Nothing but the lines from the one containing "Seasonal Sale Asymmetric" to the end of the material should be returned, each exactly as written.

-- Given records follows --

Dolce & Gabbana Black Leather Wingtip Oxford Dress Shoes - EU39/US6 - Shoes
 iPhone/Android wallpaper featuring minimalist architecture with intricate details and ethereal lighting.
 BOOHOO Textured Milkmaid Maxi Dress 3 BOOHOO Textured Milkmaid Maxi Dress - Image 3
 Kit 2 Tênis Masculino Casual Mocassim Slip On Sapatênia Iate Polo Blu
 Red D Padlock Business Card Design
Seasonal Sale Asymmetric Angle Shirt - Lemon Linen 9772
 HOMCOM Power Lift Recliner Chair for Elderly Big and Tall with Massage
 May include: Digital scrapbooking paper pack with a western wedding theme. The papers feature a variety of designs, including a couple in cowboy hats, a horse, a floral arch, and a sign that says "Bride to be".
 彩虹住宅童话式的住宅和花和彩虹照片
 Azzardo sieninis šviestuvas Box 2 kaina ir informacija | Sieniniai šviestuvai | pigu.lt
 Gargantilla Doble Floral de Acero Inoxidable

-- Given records concluded --

▶ _Exercise response_:
Seasonal Sale Asymmetric Angle Shirt - Lemon Linen 9772
 HOMCOM Power Lift Recliner Chair for Elderly Big and Tall with Massage
 May include: Digital scrapbooking paper pack with a western wedding theme. The papers feature a variety of designs, including a couple in cowboy hats, a horse, a floral arch, and a sign that says "Bride to be".
 彩虹住宅童话式的住宅和花和彩虹照片
 Azzardo sieninis šviestuvas Box 2 kaina ir informacija | Sieniniai šviestuvai | pigu.lt
 Gargantilla Doble Floral de Acero Inoxidable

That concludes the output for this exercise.